■ WORK INSTRUCTIONS ■
Would you repeat the listing below exactly, with no pictures in it?

■ GIVEN MATERIAL ■
****************************************
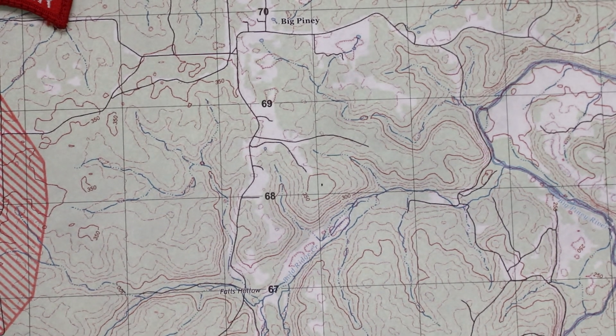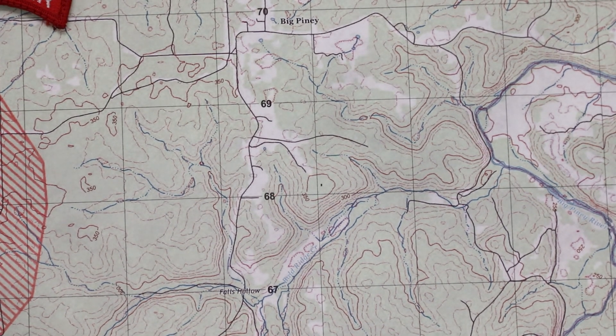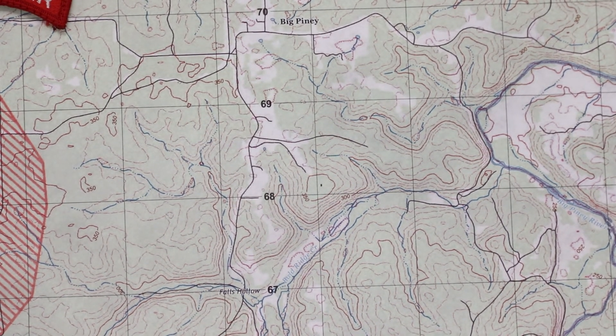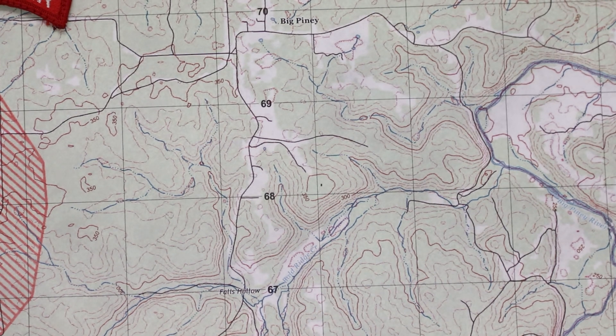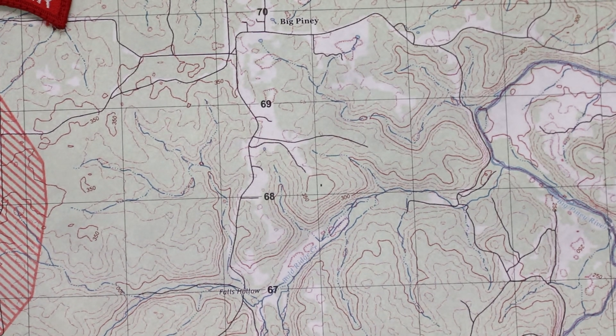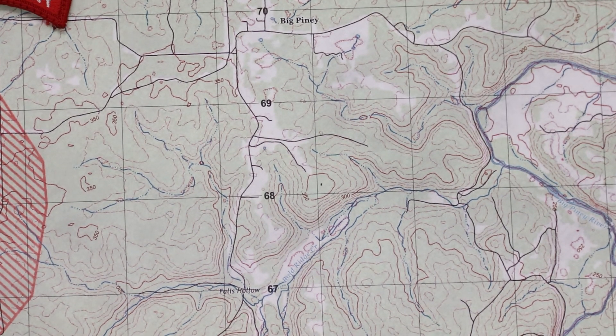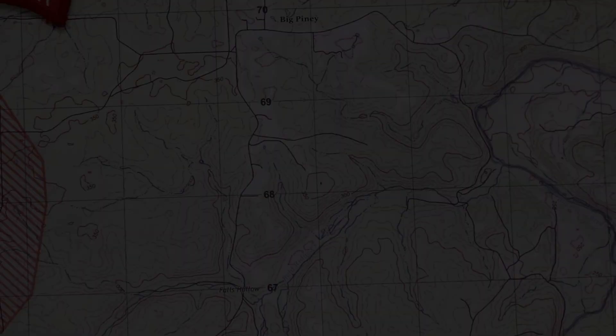Step two: determine the major or minor terrain feature. The major terrain feature is a hill. This concludes land navigation. The major terrain feature is a hill here.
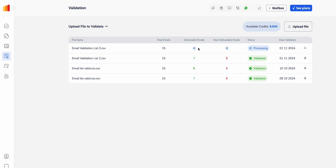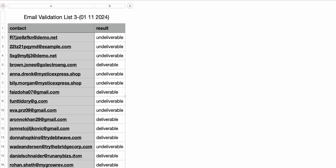All you have to do is wait for the test to finish — you can see it is currently processing. Once the test is finished, you're able to download your results. On the left you'll see the email addresses, and on the right are the results for each individual email.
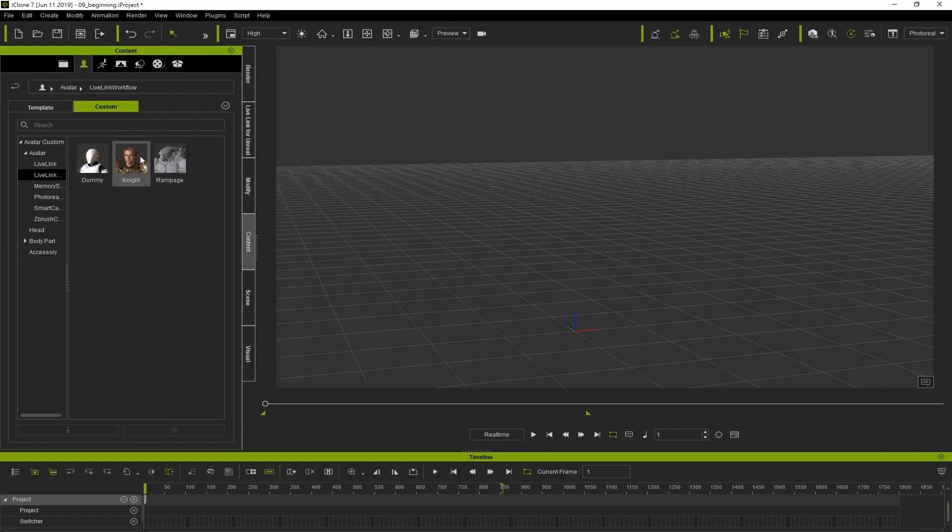Almost all humanoid setups are completely supported, and this process is fully automated. When you take a character and use Live Link to send it to Unreal, it automatically sets it up with the best Unreal shaders to render human beings.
****************************************
■ ANSWER BOX ■
Step two: determine the major or minor terrain feature. The major terrain feature is a hill. This concludes land navigation. The major terrain feature is a hill here.
All you have to do is wait for the test to finish — you can see it is currently processing. Once the test is finished, you're able to download your results. On the left you'll see the email addresses, and on the right are the results for each individual email.
Almost all humanoid setups are completely supported, and this process is fully automated. When you take a character and use Live Link to send it to Unreal, it automatically sets it up with the best Unreal shaders to render human beings.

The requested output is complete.